You & your brand: 'Make the truth fascinating'.

AuthorStricker, Julie
PositionMARKETING

Listen. Do you hear that? It's your co-workers and employees talking. Do you know what they're talking about? Their jobs and the company they work for. In short, you and your brand. And they're not just talking to their spouses at the dinner table, they're sharing it with their one thousand friends on Facebook and tweeting it to the world.

Social media has changed many things about doing business in the twenty-first century. Twitter and Facebook and other social media platforms are the modern equivalent of the office water cooler, only the stories get passed farther and faster.

Do you know what kind of messages your employees are sending? That's the kind of question keeping company and organizational leaders awake at night, and it's one that public relations specialists are ideally equipped to handle in such a way that the company can benefit.

In short, a business can't control the message, but it must participate in the conversation, says Mickey Nail, managing director of Ogilvy Public Relations Worldwide, based in Atlanta. He is also national chairman and CEO of the Public Relations Society of America, the country's largest organization of public relations and communications specialists. Nall has worked with clients ranging from the White House to Coca-Cola to United Way of America. He is accredited in public relations and a member of PRSNs College of Fellows and has won many industry awards.

"Word of mouth is much more powerful than advertising," Nall told Alaska public relations professionals during an August trip to Fairbanks and Anchorage.

With the rise of social media bringing more and more channels through which people are seeking information, it makes it hard for public relations specialists to keep up with rising expectations. Communication is key. And the best way to get your brand's story across is to tell a story.

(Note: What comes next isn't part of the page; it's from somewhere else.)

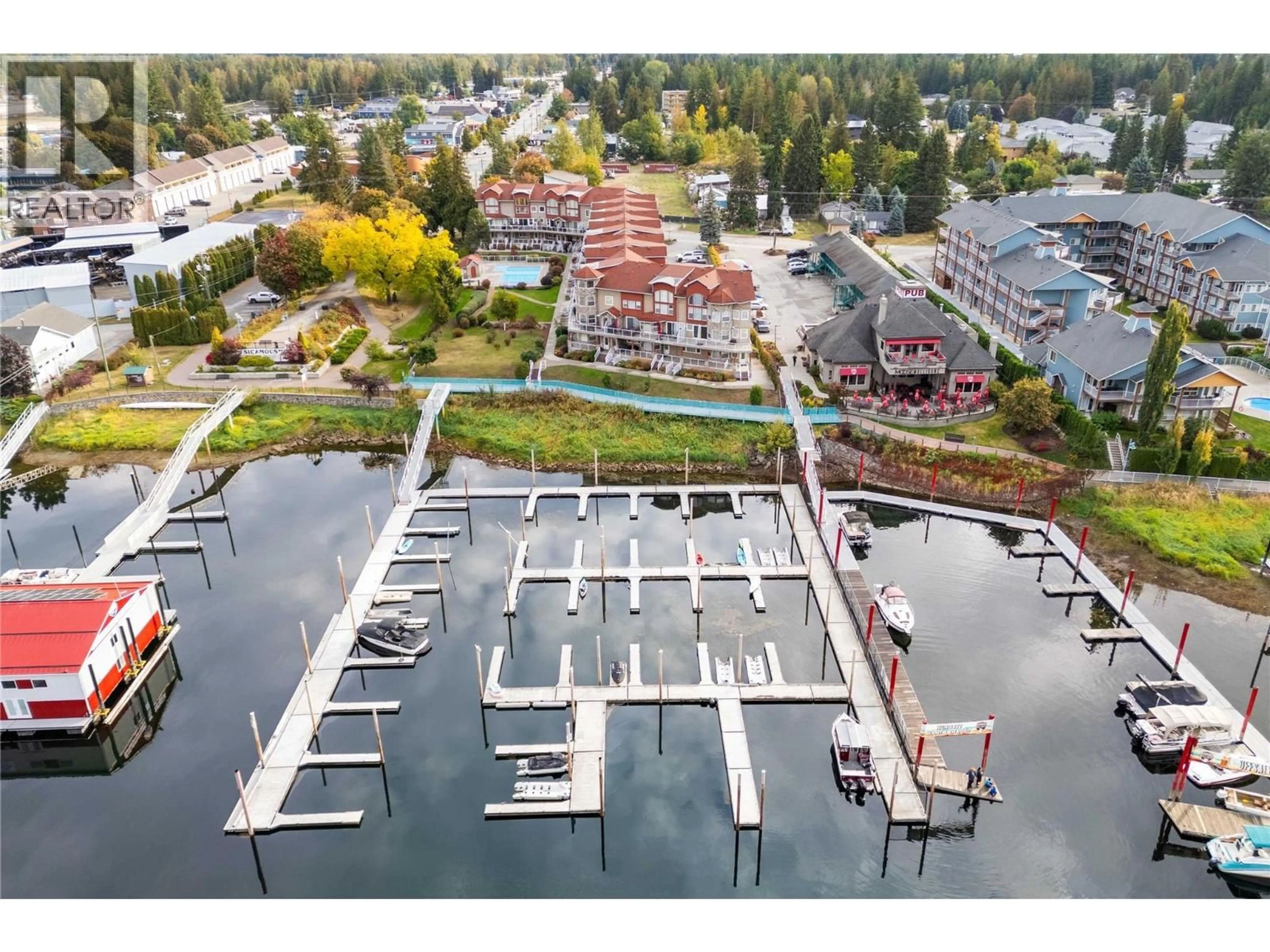A pic from outside/outdoor area/front of a property/back of a property/a pic from drone, water/lake/river/ocean view for 13 - 1130 RIVERSIDE AVENUE, Sicamous British Columbia V0E2V1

"We have to become better storytellers," Nall said. Public relations professionals are "the people who can put a subject and verb together and put together a narrative on what we want to do."

Storytelling isn't the most accurate term he's looking for, Nail acknowledges. "I would rather call it truthtelling, because storytelling can be construed as fiction," he said. "Our job as public relations practitioners is to make the truth fascinating."

His presentation, "Storytelling, Media Relations, and Reputation: Putting it all together for your brand" is full of anecdotes from his years in the public relations business.